How important is it for somebody, anybody, to sell himself? Okay, let me rephrase it, to market himself? I had read this amazing article on Dravid and the primordial difference between The Great One and The Intense One, as Rohit Brijnath put it, is basically sheer luck and how different their approaches to life and cricket are. But yes, marketing yourself for the mob is important too because that is going to make or break your myth; winning over the mob is all that is the difference between bland humanness and the glory of immortality. If there is a highest order of digression, this paragraph is it.

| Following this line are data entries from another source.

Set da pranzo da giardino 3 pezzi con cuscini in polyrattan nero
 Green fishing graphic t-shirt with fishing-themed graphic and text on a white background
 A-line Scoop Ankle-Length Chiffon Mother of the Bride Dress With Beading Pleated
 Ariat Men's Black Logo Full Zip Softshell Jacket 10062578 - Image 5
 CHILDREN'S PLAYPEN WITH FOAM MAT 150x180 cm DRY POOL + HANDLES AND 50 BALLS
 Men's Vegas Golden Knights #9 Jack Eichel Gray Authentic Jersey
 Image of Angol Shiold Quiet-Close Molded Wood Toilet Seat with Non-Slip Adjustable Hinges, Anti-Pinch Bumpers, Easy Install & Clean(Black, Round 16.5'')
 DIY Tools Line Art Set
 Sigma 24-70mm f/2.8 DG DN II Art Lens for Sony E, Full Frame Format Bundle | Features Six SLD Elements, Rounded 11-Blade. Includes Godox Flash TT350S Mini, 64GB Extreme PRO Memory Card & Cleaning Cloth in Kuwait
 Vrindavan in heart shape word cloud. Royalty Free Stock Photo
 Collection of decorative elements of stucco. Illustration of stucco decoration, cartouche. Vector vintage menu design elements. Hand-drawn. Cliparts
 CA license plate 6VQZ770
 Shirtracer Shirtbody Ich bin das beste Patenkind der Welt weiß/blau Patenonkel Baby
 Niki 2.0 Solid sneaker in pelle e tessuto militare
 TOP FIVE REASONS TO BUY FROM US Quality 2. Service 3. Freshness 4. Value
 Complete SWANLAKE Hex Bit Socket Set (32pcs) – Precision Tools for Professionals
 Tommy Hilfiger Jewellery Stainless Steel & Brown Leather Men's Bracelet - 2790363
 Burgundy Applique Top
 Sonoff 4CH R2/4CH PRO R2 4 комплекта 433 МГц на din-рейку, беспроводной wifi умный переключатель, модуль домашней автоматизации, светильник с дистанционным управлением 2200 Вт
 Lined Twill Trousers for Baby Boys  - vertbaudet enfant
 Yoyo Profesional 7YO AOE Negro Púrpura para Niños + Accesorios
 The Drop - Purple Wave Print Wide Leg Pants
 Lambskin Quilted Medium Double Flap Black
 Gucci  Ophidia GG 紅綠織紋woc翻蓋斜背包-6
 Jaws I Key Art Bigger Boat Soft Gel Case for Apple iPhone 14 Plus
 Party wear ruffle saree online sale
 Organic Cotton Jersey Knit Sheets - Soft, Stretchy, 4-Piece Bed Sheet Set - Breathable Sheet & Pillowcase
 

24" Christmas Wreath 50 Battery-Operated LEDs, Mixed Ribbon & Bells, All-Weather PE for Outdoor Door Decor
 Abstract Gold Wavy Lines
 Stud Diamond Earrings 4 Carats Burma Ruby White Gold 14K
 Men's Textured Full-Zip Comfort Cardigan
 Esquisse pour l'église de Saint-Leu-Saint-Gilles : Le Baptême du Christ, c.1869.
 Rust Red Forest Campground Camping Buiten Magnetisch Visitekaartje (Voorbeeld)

Okay, I need to get my sleep, so I'll illustrate to you what I've been thinking over without further ado. Let's say I'm the next greatest writer on the planet. And I have my small bunch of loyal followers who say things like, "There is a Marquez and now there is him." How I wish that were true. So, anyway, I don't market myself. I write my blog, a few of my friends read it and that's about it. And then there is somebody else who is not as good a writer as I am but knows all the right people, says all the right words and does all the right things. He gets covered by the media and he is the most popular Indian now after Shah Rukh Khan. Does it in anyway demean the status of the other writer and increase my nobility? Or is marketing yourself, telling the world that you exist and wish to be read also a part of being a successful somebody?

Is marketing beneath the nobility of art or is it an art unto itself? I don't really see what I'm trying to convey but the bottom line is that I want to know how true the adage is which says, Never seek popularity and it will seek you? Before a Kamal Hassan or an Aamir Khan made Saagara Sangamam/Akali Rajyam or Rang De Basanti/Taare Zameen Par, they made popcorn munching cinema. Is that the better thing to do or is sticking to the scholarly ideals of integrity and belief.

Hang on, isn't this the difference between a statesman like Dr. Manmohan Singh and a ruthless street-fighter of Narendra Modi. I have no idea what this was all about, but all that it ever was, it is here.

P.S: Like in Gladiator, is pleasing the crowd really a way to achieve artistic freedom?